Look for the line with "Click the Global" in the data below, then reproduce word for word that line and every line after it. Leave out all pictures and add nothing.

> [Data extract]

+---+

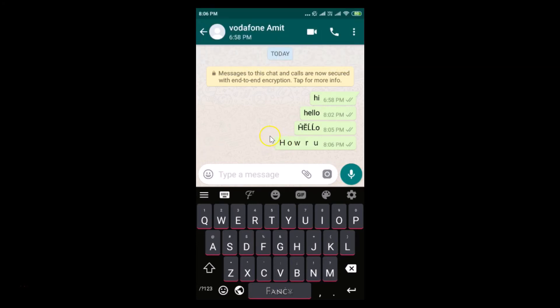You can see in this way you can change fonts on your WhatsApp chat. That's it, thanks for watching. If you like my videos please support this channel by subscribing to it. Thanks, bye bye.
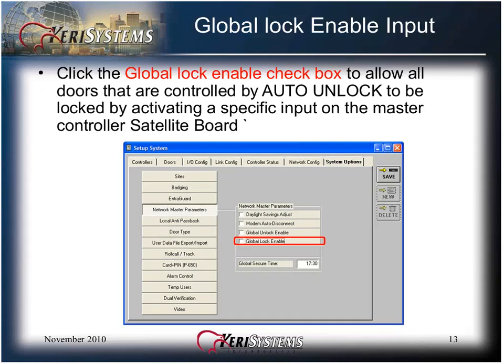Click the Global Lock Enable checkbox to allow all doors that are controlled by an auto unlocked time zone to be locked by activating a specific input on the master controller satellite board. This feature will only lock doors that are unlocked by schedule. Doors that were manually unlocked through software command need to be locked by software command.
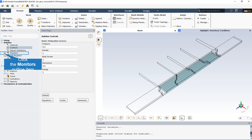Typically, an increase in the under-relaxation factors brings about a slight increase in the residuals, but these increases usually disappear as the solution progresses. If the residuals jump by a few orders of magnitude, you should consider halting the calculation and returning to the last good data file and saving it.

+---+

> [Finished exercise]
Click the Global Lock Enable checkbox to allow all doors that are controlled by an auto unlocked time zone to be locked by activating a specific input on the master controller satellite board. This feature will only lock doors that are unlocked by schedule. Doors that were manually unlocked through software command need to be locked by software command.
Typically, an increase in the under-relaxation factors brings about a slight increase in the residuals, but these increases usually disappear as the solution progresses. If the residuals jump by a few orders of magnitude, you should consider halting the calculation and returning to the last good data file and saving it.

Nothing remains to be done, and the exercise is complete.